I had no real plan for this run so I decided to see if I could scope out some single- track over in the Camp Nihan section of the reservation. I am planning to hold a 10 mile trail race at Breakheart in the early spring or fall of 2009. It will be a fundraiser for the Saugus River Watershed Council and I intend to donate all the net proceeds to this great organization. I have the race course all mapped out but I continue to modify it trying incorporate as much single and double track trail as possible.

Making my way across the footbridge that spans the Saugus River I turned quickly into the woods on a slightly concealed trail. This trail skirted its way along the bank of the river and will make a fitting addition to the course. I think it will also add a little distance to the race by replacing a straighter section of double-track farther from the river.

On my way back to the ranger station I rolled my ankle on a root and got a stabbing pain in the foot I tweaked yesterday. Even though it felt ok this morning it’s obviously a more serious injury than I first suspected. I really should have stayed off the trails today and given it another day to heal. Lesson learned! I’ll ice it and wear an ankle support for the next week and see how it heals. No way am I missing out on the Fells race.
Breakheart Route

Breakheart Elevation Profile

Weekly Re-Cap

Miles Run: 23
Long Run: 7.9
# of Runs: 4
Avg Miles: 5.7
Trail Miles: 82%

Hope I heal, and fast.......


  1. Dan, take care of that foot. I have found trail running less harmful to my sore ankle than road running. I think it's the varied impact rather than the same repetitive motion, but even trails can hurt.

    I barely missed you Saturday. I was on the Skyline Trail probably about an hour before you. It started raining during my post-run stretch. Don't you love the soggy leaves on rock slabs? It sounds like you did the counter-clockwise loop. I ran the other direction. I've gotten off-course a couple of times in the stretch North of Sheepfold, too. Still, the tower on Bear Hill is a nice objective to take in. I hope you enjoyed it.

  2. I did Skyline with a friend on Saturday as well. We started at 7am, from Long Pond, and we got rained on towards the end.
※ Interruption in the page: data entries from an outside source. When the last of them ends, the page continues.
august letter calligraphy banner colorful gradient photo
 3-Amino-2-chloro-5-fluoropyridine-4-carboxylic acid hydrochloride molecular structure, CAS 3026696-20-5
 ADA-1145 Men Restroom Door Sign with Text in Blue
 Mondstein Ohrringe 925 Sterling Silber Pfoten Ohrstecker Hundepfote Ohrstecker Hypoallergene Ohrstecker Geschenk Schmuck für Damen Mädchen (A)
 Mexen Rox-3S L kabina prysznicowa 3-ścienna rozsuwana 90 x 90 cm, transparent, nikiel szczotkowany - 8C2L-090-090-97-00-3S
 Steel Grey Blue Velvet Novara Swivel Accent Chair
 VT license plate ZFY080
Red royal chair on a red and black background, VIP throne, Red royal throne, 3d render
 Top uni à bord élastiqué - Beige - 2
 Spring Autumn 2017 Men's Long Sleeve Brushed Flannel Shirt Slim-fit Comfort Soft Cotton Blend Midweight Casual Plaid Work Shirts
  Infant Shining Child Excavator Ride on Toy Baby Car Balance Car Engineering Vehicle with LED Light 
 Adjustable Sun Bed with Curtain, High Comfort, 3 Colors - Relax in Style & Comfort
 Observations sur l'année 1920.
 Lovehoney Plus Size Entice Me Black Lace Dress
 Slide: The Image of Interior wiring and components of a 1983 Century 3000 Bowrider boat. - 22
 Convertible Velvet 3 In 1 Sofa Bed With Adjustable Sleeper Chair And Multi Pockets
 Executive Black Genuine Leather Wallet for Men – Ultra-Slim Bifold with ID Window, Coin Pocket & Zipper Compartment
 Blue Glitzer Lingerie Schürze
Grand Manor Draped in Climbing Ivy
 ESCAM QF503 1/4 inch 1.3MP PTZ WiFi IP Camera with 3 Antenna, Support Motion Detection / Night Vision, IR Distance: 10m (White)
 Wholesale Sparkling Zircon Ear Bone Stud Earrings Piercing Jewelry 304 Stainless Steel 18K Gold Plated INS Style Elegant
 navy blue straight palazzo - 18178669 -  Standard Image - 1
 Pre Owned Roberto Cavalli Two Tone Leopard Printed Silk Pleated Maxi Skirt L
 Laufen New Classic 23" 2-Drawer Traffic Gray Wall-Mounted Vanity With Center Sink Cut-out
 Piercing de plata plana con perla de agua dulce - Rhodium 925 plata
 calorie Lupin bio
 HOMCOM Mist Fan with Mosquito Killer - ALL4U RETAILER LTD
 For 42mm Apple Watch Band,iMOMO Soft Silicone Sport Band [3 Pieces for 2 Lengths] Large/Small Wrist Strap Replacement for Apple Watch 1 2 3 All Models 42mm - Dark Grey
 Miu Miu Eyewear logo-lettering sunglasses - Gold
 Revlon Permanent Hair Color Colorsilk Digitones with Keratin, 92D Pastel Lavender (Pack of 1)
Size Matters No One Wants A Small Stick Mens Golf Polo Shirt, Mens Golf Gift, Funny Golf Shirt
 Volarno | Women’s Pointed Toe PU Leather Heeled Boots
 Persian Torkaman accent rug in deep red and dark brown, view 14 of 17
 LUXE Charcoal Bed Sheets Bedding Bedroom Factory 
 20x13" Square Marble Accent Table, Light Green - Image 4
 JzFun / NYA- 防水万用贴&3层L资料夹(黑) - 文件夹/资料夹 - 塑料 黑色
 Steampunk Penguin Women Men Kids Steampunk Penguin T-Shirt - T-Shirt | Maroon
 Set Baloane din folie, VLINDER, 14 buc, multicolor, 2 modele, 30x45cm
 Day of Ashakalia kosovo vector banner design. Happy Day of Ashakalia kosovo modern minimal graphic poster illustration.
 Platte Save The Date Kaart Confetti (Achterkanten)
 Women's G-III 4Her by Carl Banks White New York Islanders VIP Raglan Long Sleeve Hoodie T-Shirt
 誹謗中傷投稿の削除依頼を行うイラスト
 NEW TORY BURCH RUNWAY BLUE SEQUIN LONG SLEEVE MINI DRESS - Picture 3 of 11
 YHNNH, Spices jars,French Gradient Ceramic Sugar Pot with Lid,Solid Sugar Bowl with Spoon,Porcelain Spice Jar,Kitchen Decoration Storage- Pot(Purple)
Funny, my GPS recorded only 7.2 miles...Hoping for a dry race, Ana

  3. Ana, we started from the Fallon Rd parking lot, the starting point of last year's race. We had to run a little while on an access trail before we hit Skyline. That probably accounts for the difference in distance. I hope it's dry as well. I nearly killed myself slipping on the wet granite slabs.

  4. Great running report dan,
    I can feel the trail essense radiating from your words. It seems that there is something about trail running that gets into your blood....perhaps it is just trail dust....but it sure keeps us coming back!